Give again, word for word, every line in the entries below from the line with "The Soviet Military And The Communist Party" up to and including the line with "Report of the", and no other line.

▶ Supplied data:
______

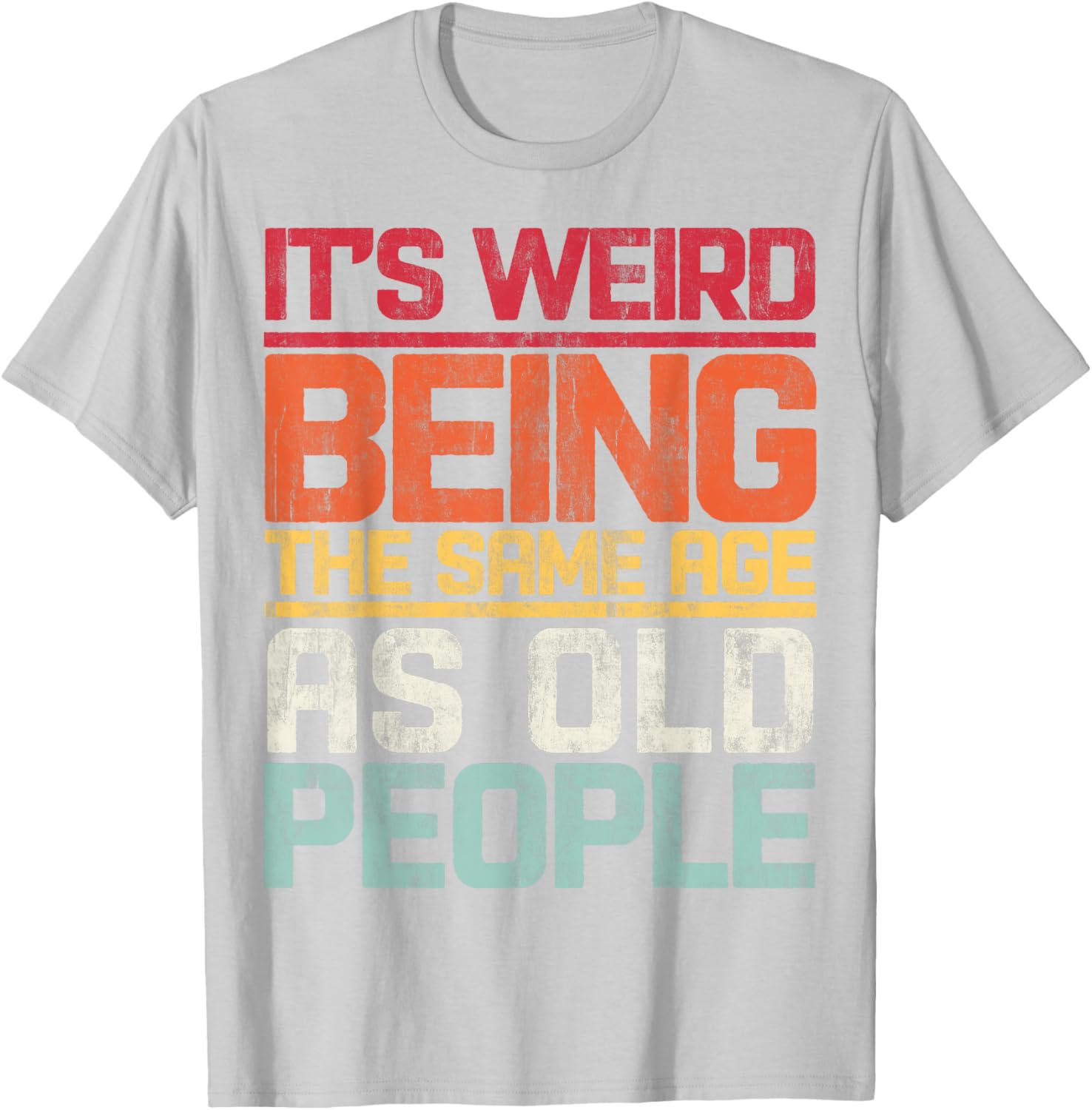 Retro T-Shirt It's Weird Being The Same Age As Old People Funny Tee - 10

______

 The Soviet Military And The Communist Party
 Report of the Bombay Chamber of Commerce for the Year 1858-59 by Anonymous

______

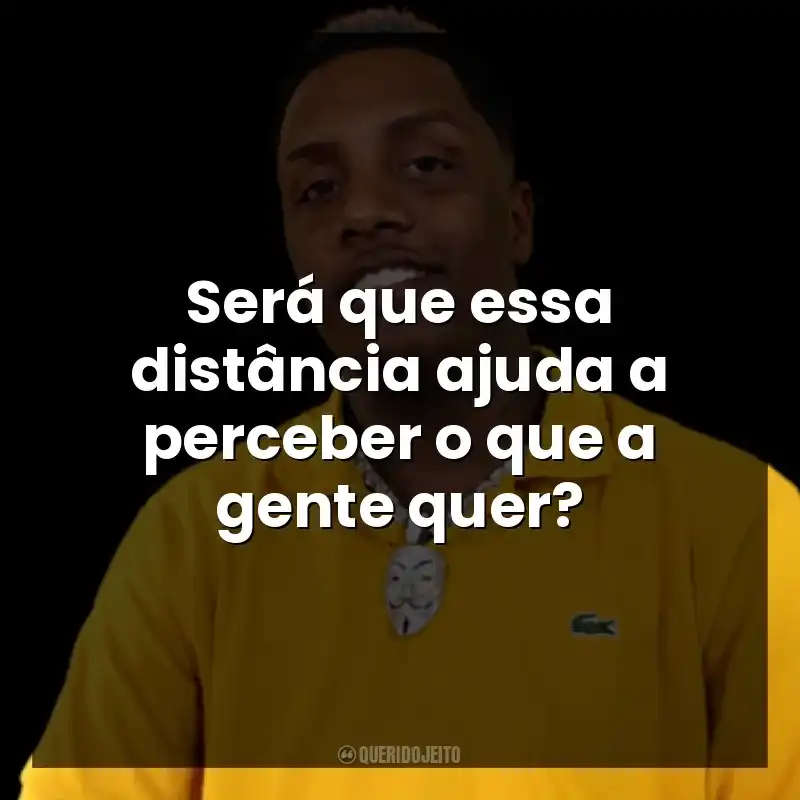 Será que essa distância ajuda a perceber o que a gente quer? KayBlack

______

▶ Reply to the exercise:
 The Soviet Military And The Communist Party
 Report of the Bombay Chamber of Commerce for the Year 1858-59 by Anonymous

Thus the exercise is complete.